YARA is a great tool for malware researchers, incident responders and security engineers that has become an industry standard for hunting malware and the classification of unknown samples. Hence, being able to write YARA rules based on Rich Headers would be a great way to share our findings with the rest of the world.

Although YARA does support parsing of Rich Headers and the PE module has a few Rich Header-related fields, at the time of writing (June 2019) there are a few critical drawbacks that greatly limit its usability [16].

First, as seen in its source code in Figure 8, YARA incorrectly assumes that the Rich Header always starts at the common offset 0x80 [10] and will not work for any Rich Header at a different offset. This can easily be fixed and is not that big an issue, since as stated above, over 99% of files with Rich Headers tend to have them at that offset.

Figure 8: YARA’s implementation of Rich Headers lookup.

The bigger problem is the YARA Rich Header-related API, which is very simple and insufficient for any effective Rich Header-related rules. The version and toolid functions can only look whether a specific ProdID and build is present in the Rich Header, but are unable to query its count values, which are the most crucial attribute in most useful searches. The announcement of YARA’s toolid function can be seen in Figure 9.

Figure 9: YARA PE module Rich Headers API documentation.

The APIs would be much more useful if instead of the existence of a given ProdID, the toolid and version interfaces returned the count (or null), which then could be compared against a ranged interval. This would greatly enhance YARA’s Rich Header-related capabilities and would enable more complete leverage of the Rich Header format. We hope to contribute to the YARA project and to help to improve the Rich Header-related functionality in the near future.

Conclusion

We started our project with low expectations, thinking that there must be a reason the Rich Headers feature is overlooked and not widely utilized. Over time, we became more and more impressed with how much could be achieved by searching for feature clusters based on such a small part of an executable, and how powerful it can be when leveraged correctly.

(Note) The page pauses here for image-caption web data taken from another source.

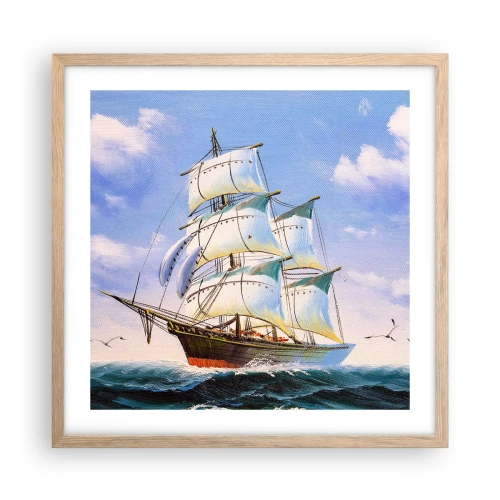 Póster en marco roble claro - Orgulloso con el viento - 50x50 cm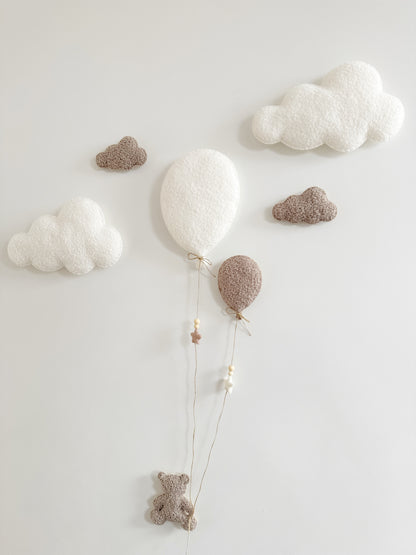 Balloons & Clouds Wall Display Set - 2 Balloons, Small Teddy Bear - Ivory & Taupe Bouclé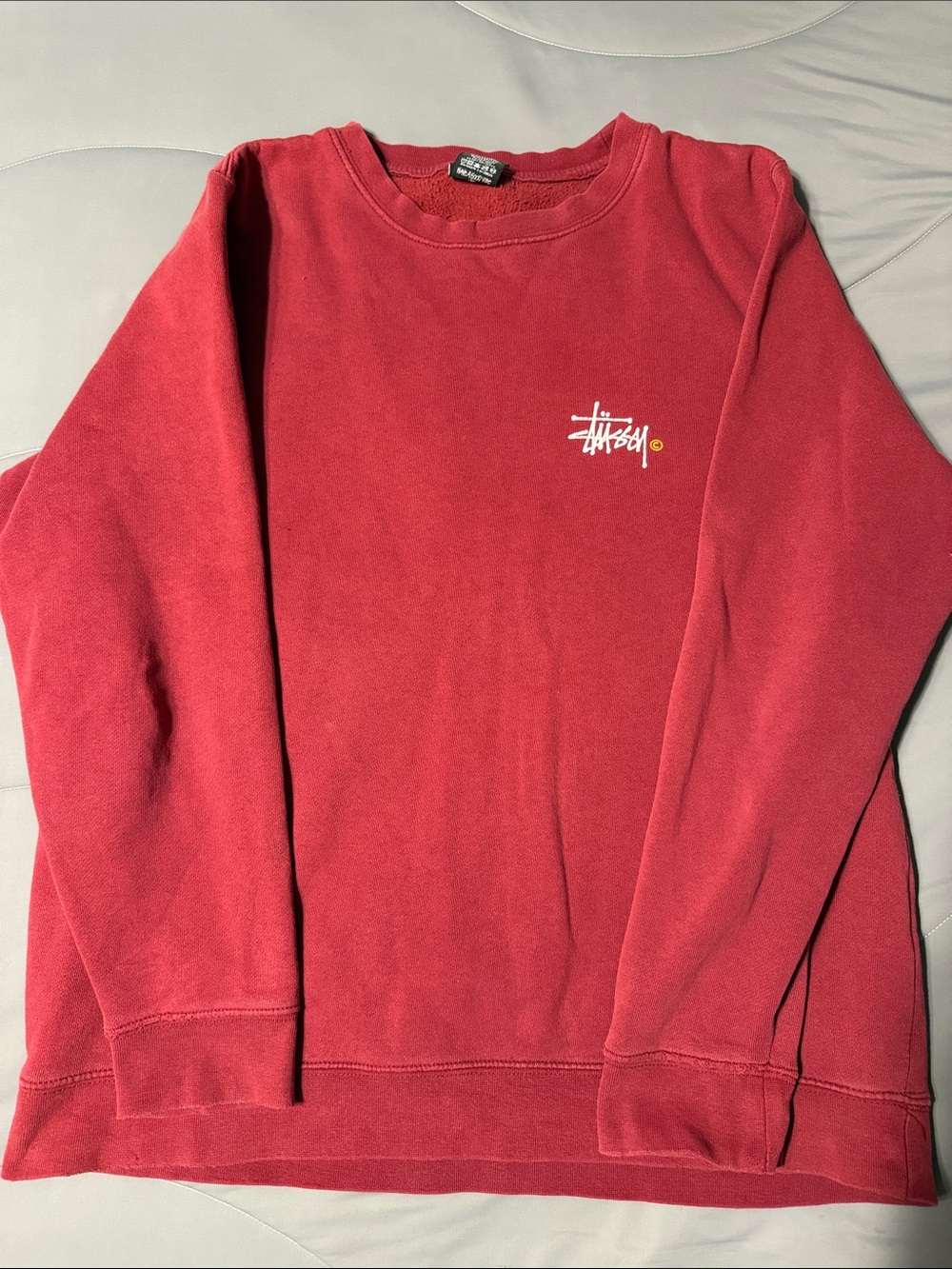 Stussy Maroon/Burgundy Crewneck Sweatshirt - Unisex Casual Pullover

The space of Rich Header features has an extremely fast lookup and is ‘rich’ indeed, in the sense that the detection queries for chosen parts of APT toolsets or crimeware kits identified the clusters well and with a low level of noise. Because of the nature of the information, false positives may occur, however the erroneous verdicts seem to be intuitive: clean projects of small magnitude, shared executable containers and, surprisingly, different malicious families as well. We believe this kind of static feature may also be utilized in machine-learning algorithms, to assist in deciding maliciousness, and this is the subject of future work.

Sharing publicly the various techniques malware researchers use to track cybercriminal actors usually causes an obvious reaction: avoidance. In the case of the Rich Header that may be a Pyrrhic victory – any interference with this delicate structure, such as wiping it or substituting it, will produce obvious, easily detectable anomalies just asking for closer attention from our malware analysts.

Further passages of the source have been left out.